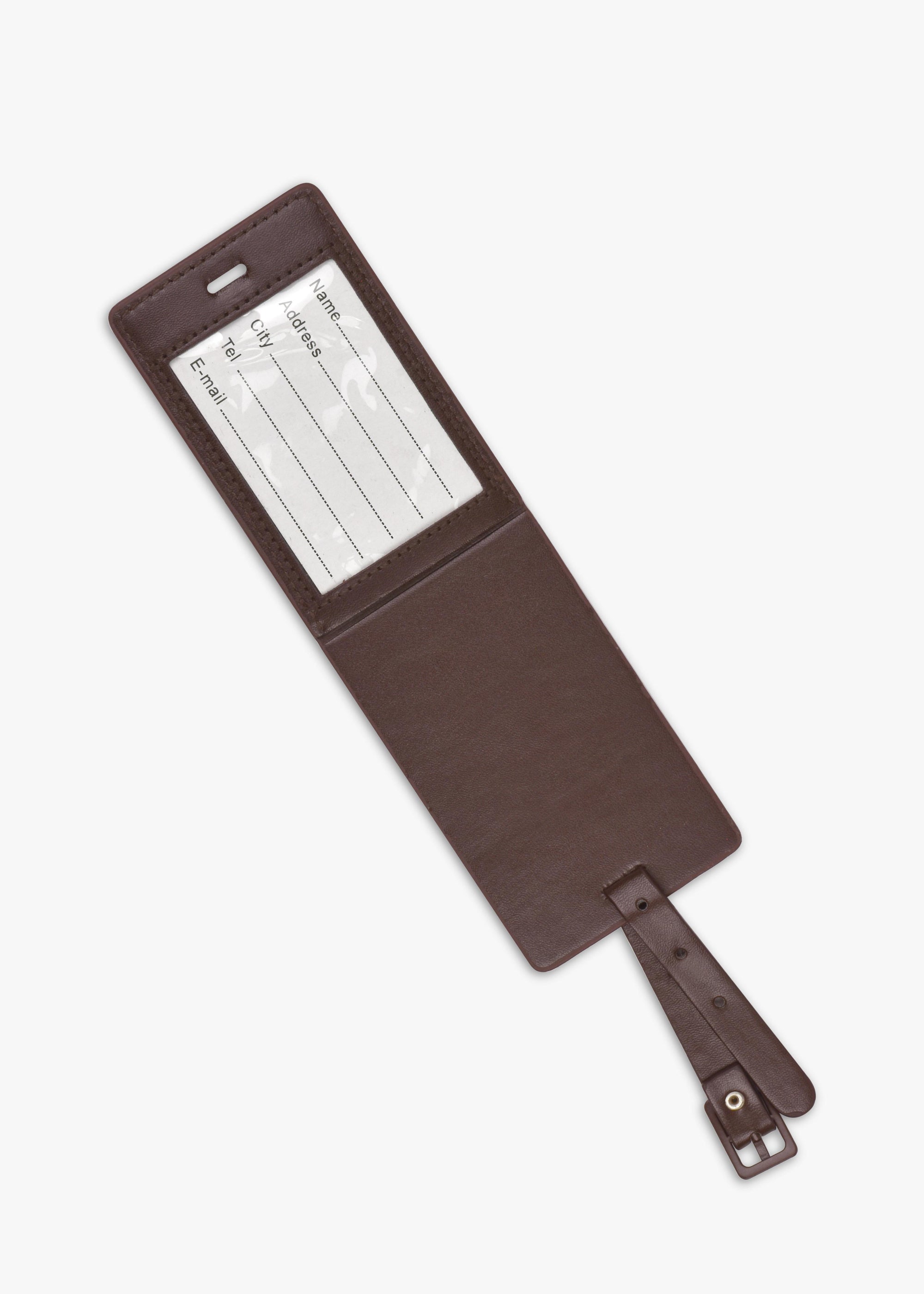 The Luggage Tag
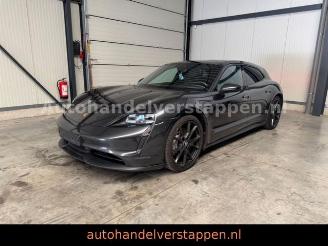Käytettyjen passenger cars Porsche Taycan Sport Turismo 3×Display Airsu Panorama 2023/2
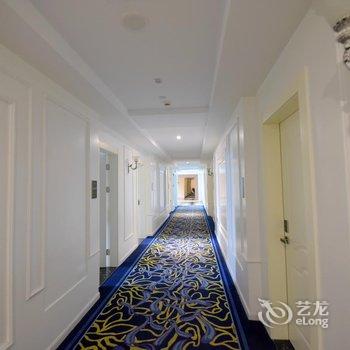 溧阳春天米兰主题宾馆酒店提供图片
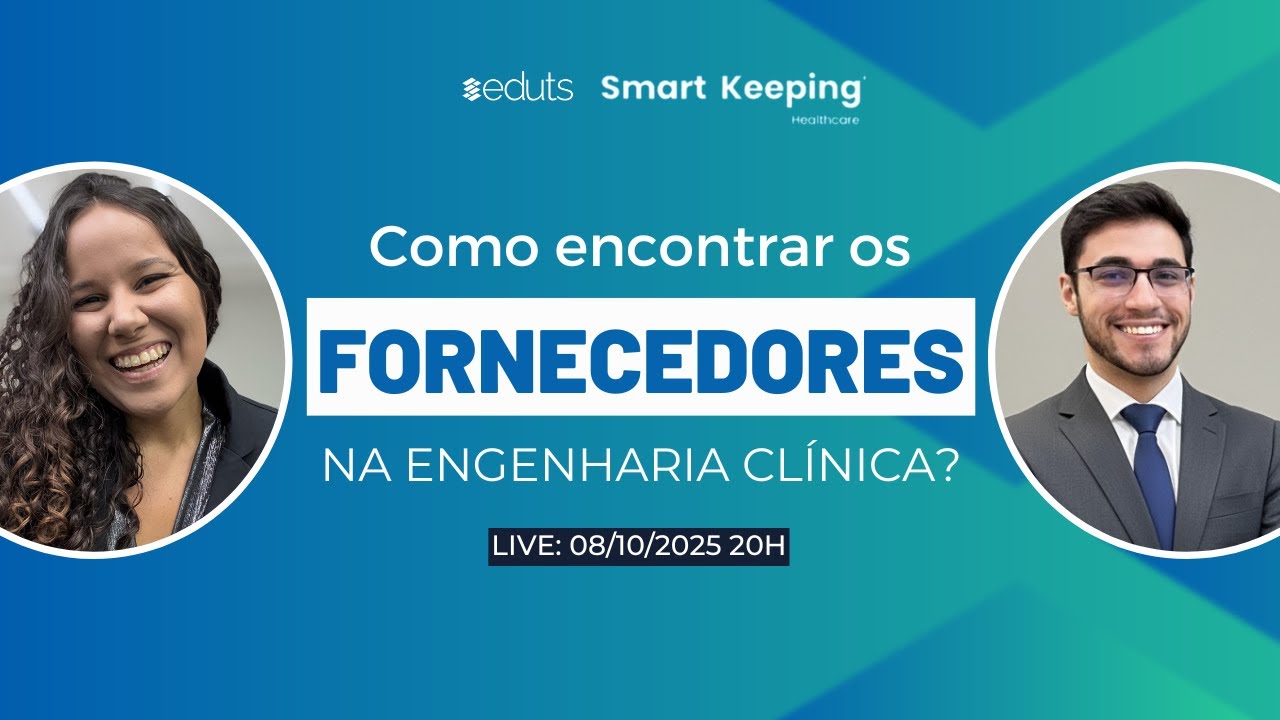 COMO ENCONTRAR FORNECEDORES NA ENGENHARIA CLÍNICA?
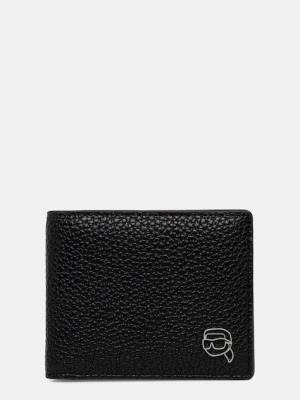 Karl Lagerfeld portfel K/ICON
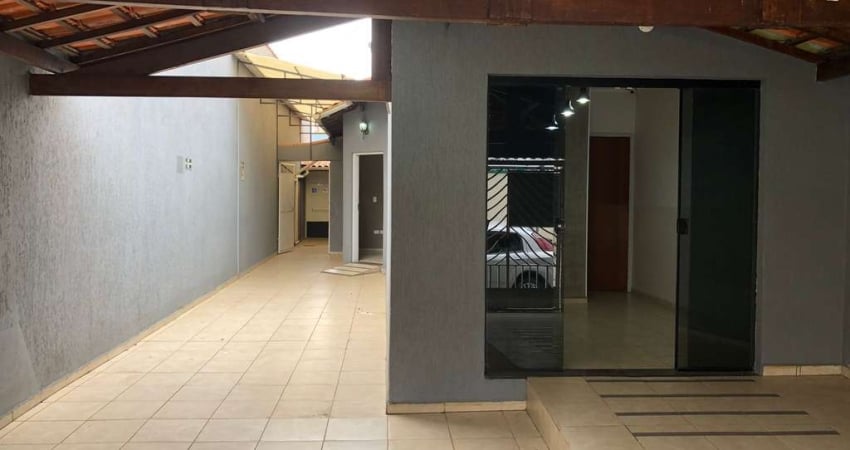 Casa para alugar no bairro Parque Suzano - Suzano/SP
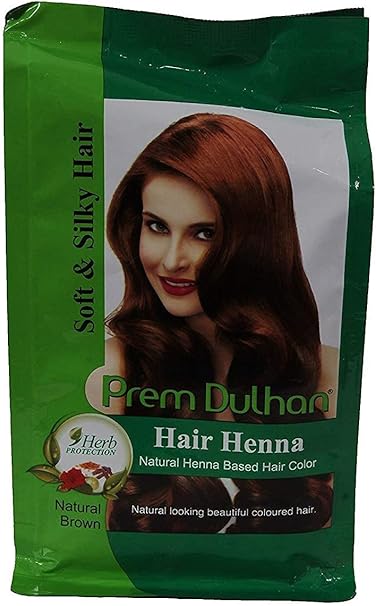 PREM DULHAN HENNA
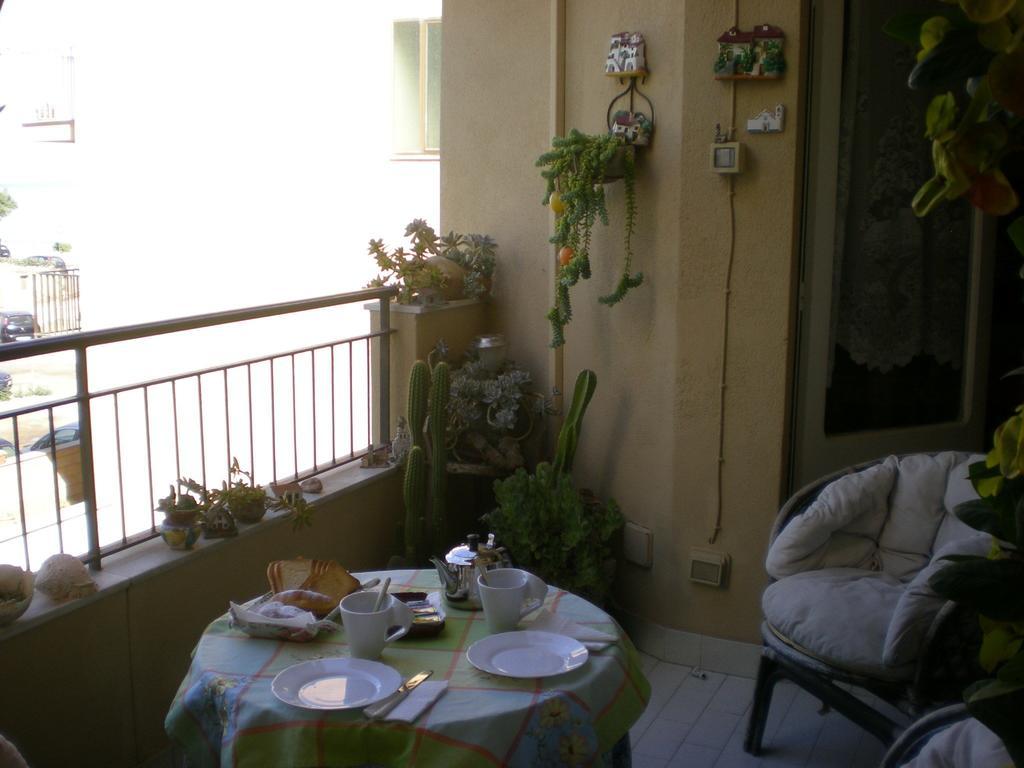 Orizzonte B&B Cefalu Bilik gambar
+--
◆ WHAT YOU NEED TO DO
Repeat each line word for word, from the one with "溧阳春天米兰主题宾馆酒店提供图片" down to the last line of the data, and keep the pictures out of it.

◆ WRITTEN SOLUTION
 溧阳春天米兰主题宾馆酒店提供图片
 COMO ENCONTRAR FORNECEDORES NA ENGENHARIA CLÍNICA?
 Karl Lagerfeld portfel K/ICON
 Casa para alugar no bairro Parque Suzano - Suzano/SP
 PREM DULHAN HENNA
 Orizzonte B&B Cefalu Bilik gambar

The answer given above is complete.